Despite the countless choices, availability is subject to change. Recent social-media reports that Boo Berry, available only in the U.S., would make it onto tables brought me out to the Waldorf, but by day two of the Cereal Bar’s opening weekend, the azure-tinted collection of spectre-shaped corn puffs and blueberry-flavoured marshmallows was nowhere to be seen.
Those looking to punch up their regular brunch order can opt for a mini bowl ($3) or indulge themselves fully with a big bowl for another couple of bucks ($5). A more adventurous morning muncher might want to tackle the Big Mix ($6), which flings three different cereals into a palate-expanding, roof-of-the-mouth cutting experience.
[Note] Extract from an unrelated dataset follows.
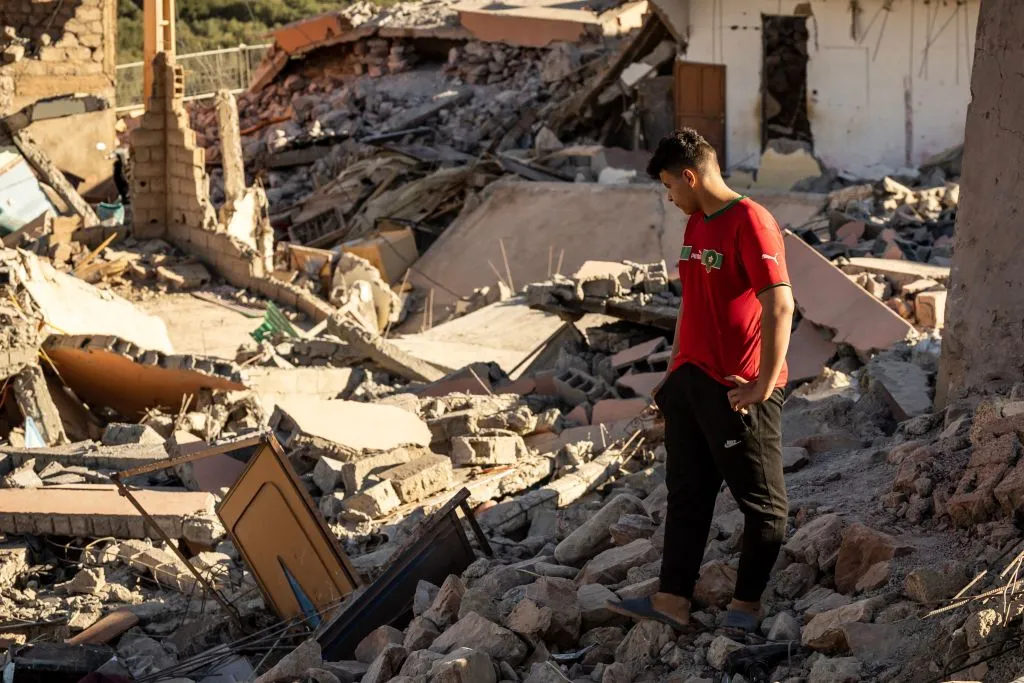 A man looks at the rubble of homes in the village of Talat N’Yaaqoub south of Marrakech in Morocco on Sept. 11, 2023. The quake that struck the country on Sept. 8 killed at least 2,122 people, injured more than 2,400 others, and flattened entire villages.?w=200&h=150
At $18, the masochistic all-you-can-eat entry, the Cereal Killer, might have even the most extreme sugar junkies rethinking their obsession, though.
My brunchmate and I both selected the Cereal Flight ($8), which serves up three mini bowls of your choice. Essentially a classier take on the Kellogg’s Snack-Pak sampler, your selections arrive on a cutting board armed with a silver spoon and a quarter-litre carafe of milk.
Although traditional moo juice is available, dairy doubters can soak their servings with almond, rice, or soy milk.
My companion ordered Lucky Charms, but a lack of Life and Cinnamon Toast Crunch led her to roll with Apple Jacks and quinoa puffs.
However, the server did apologize for the absent cereals and offered us a free order add-on item. Although an assortment of nuts and fruits were available, decadent chocolate chips garnished the breakfast-time booty.
Because the elusive Boo Berry wasn’t around, I went with a bowl of fellow General Mills ghoulish grain Franken Berry. Curiously also ghost-shaped, these neon-pink bits stole the show with a faux-strawberry flavour and added a fuchsia hue to the soon-to-be-slurped-up sea of almond milk. Cookie Crisp was less impressive, making it a wonder that the Cookie Crook spent the 1980s and ’90s trying to steal some of the barely chocolate-flecked, flavourless discs. I resorted to a crunchy round of granola-heavy Kashi to counter a potential sugar coma.
The Waldorf’s Cereal Bar clearly isn’t haute cuisine, nor is it intended to be. If, however, you’re a morning sugar addict looking to skip pre-meal wait times or a border lineup to get some U.S. breakfast favourites, this quick and fun fix is definitely worth shining your spoon for.